The meaning of the IMDb score: 7.5 usually indicates a level of excellence equivalent to about three and a half stars from the critics. 6.0 usually indicates lukewarm watchability, comparable to approximately two and a half stars from the critics. The fives are generally not worthwhile unless they are really your kind of material, equivalent to about a two star rating from the critics, or a C- from our system. Films rated below five are generally awful even if you like that kind of film - this score is roughly equivalent to one and a half stars from the critics or a D on our scale. (Possibly even less, depending on just how far below five the rating is.

Our own guideline:

  • A means the movie is so good it will appeal to you even if you hate the genre.
  • B means the movie is not good enough to win you over if you hate the genre, but is good enough to do so if you have an open mind about this type of film. Any film rated B- or better is recommended for just about anyone. In order to rate at least a B-, a film should be both a critical and commercial success. Exceptions: (1) We will occasionally rate a film B- with good popular acceptance and bad reviews, if we believe the critics have severely underrated a film. (2) We may also assign a B- or better to a well-reviewed film which did not do well at the box office if we feel that the fault lay in the marketing of the film, and that the film might have been a hit if people had known about it. (Like, for example, The Waterdance.)
  • C+ means it has no crossover appeal, but will be considered excellent by people who enjoy this kind of movie.
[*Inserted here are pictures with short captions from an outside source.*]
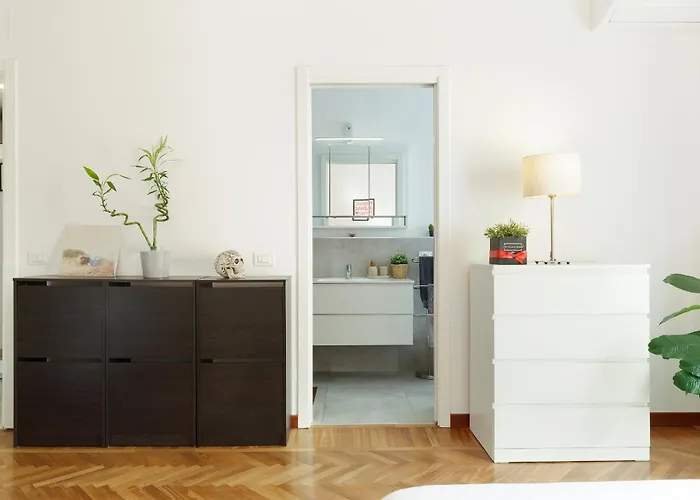 E&c Washington * ミラノ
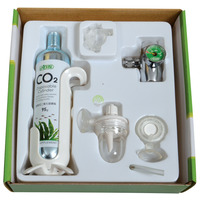 Ista Easy Start-Up CO2 szett akváriumhoz #3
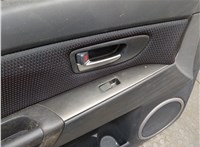  Дверь боковая (легковая) Mazda 3 (BK) 2003-2009 8679893 #5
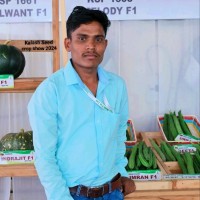 Nitin Kharat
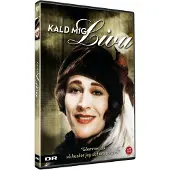 Kald mig Liva: Hele serien - DVD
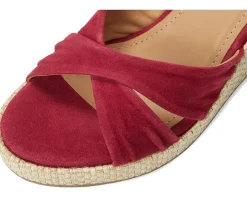 Marcia Cross-Band Sandal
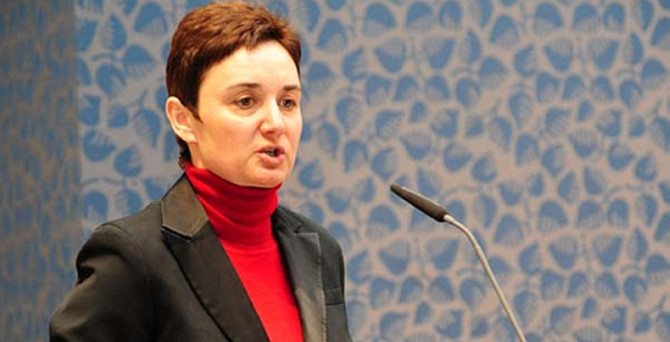 ‘AB’den IŞİD’e destek’ iddiası!
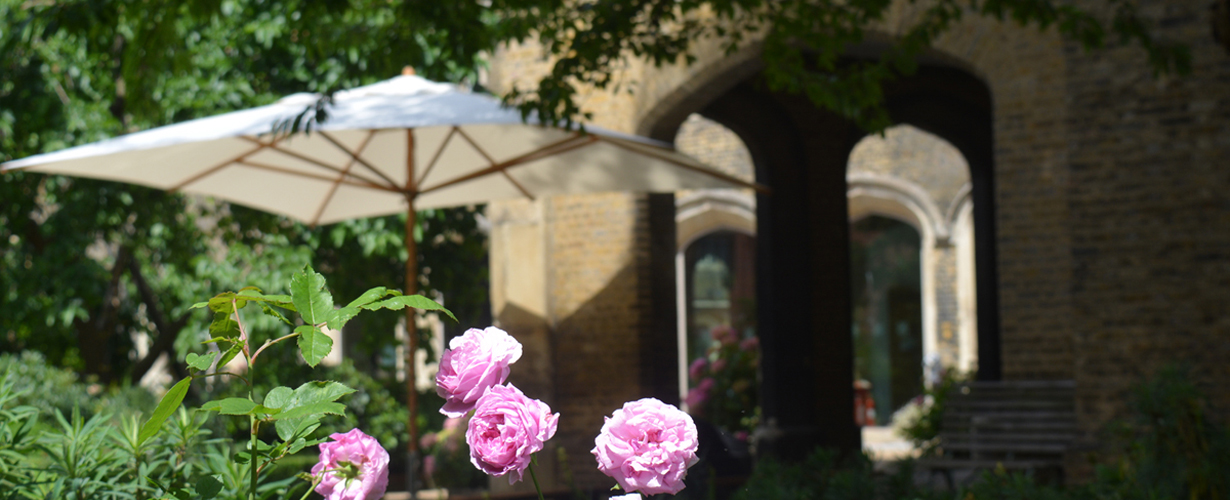Open Garden Evenings 2025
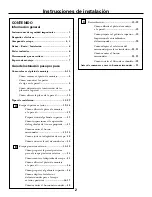 Preview for 26 page of GE Spacemaker JVM1630BK Installation Instructions Manual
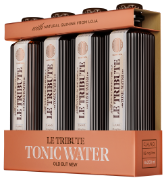 Le Tribute Tonic Water EW 4-Pack 20cl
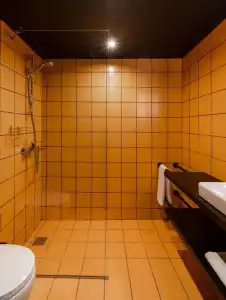 Globe Runner Rooms & Dorms - 68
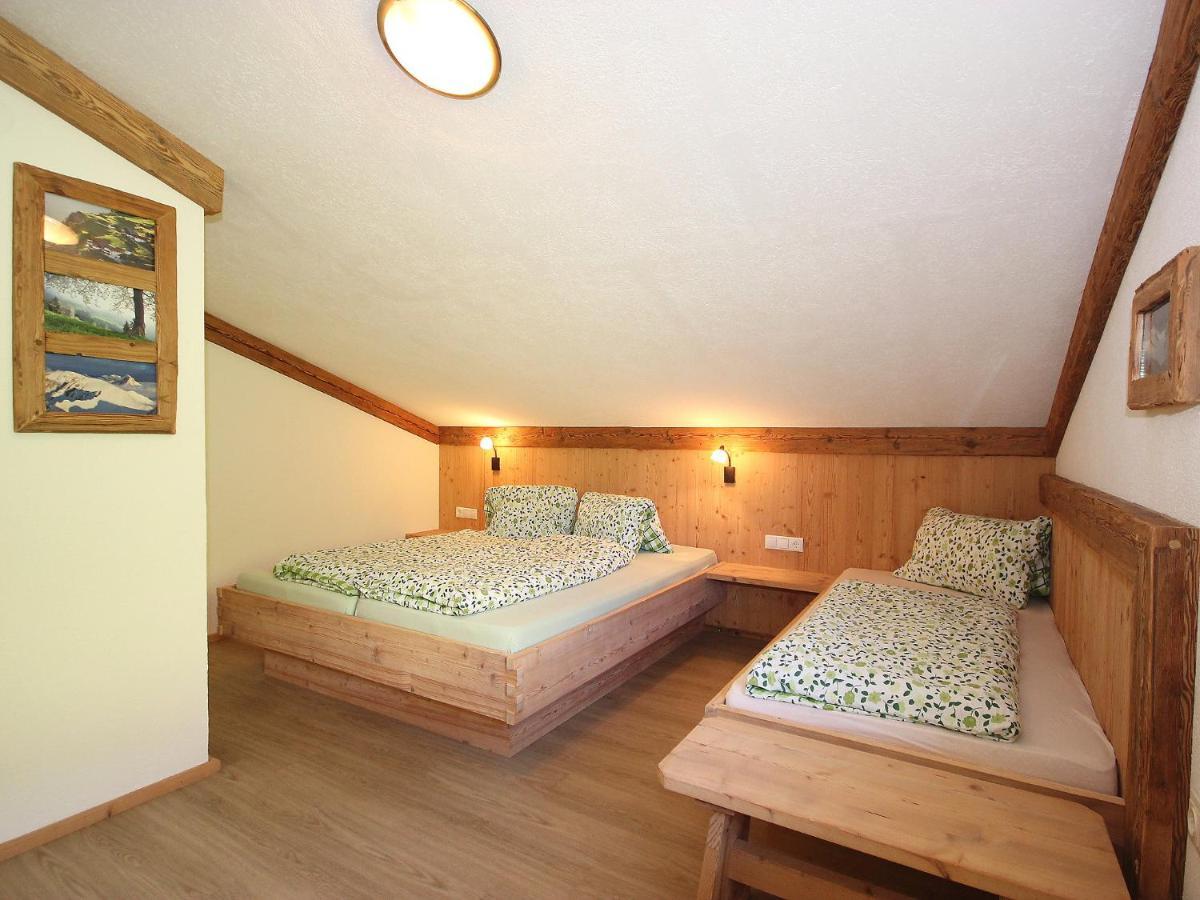 Apartment Landhaus Anton By Interhome Aschau Im Zillertal Εξωτερικό φωτογραφία
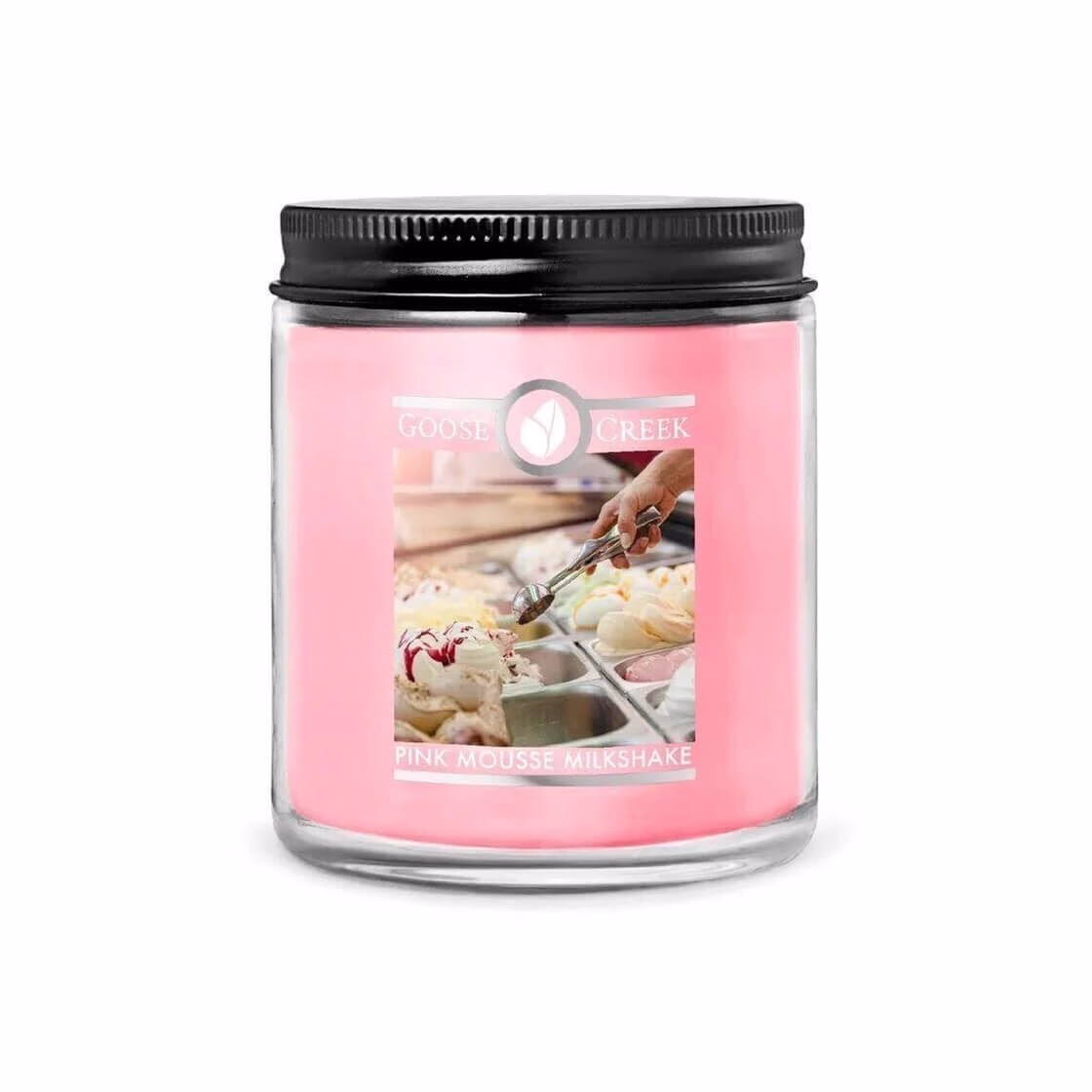 pink-mousse-milkshake-1-docht-kerze-198g Pink Mousse Milkshake 198g (1-Docht)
If this is your kind of movie, a C+ and an A are indistinguishable to you.
  • C means it is competent, but uninspired genre fare. People who like this kind of movie will think it satisfactory. Others probably will not.
  • C- indicates that it we found it to be a poor movie, but genre addicts find it watchable. Any film rated C- or better is recommended for fans of that type of film, but films with this rating should be approached with caution by mainstream audiences, who may find them incompetent or repulsive or both. If this is NOT your kind of movie, a C- and an E are indistinguishable to you.
  • D means you'll hate it even if you like the genre. We don't score films below C- that often, because we like movies and we think that most of them have at least a solid niche audience. Now that you know that, you should have serious reservations about any movie below C-. Films rated below C- generally have both bad reviews and poor popular acceptance.
  • E means that you'll hate it even if you love the genre.
  • F means that the film is not only unappealing across-the-board, but technically inept as well.


Based on this description, this film is a C-. It is a watchable romantic comedy which is not at all unpleasant except for the grunge score. Although it is about the grunge scene and has quite a bit of nudity, it is actually quite bland and unthreatening, as if a TV sitcom got a minor re-write.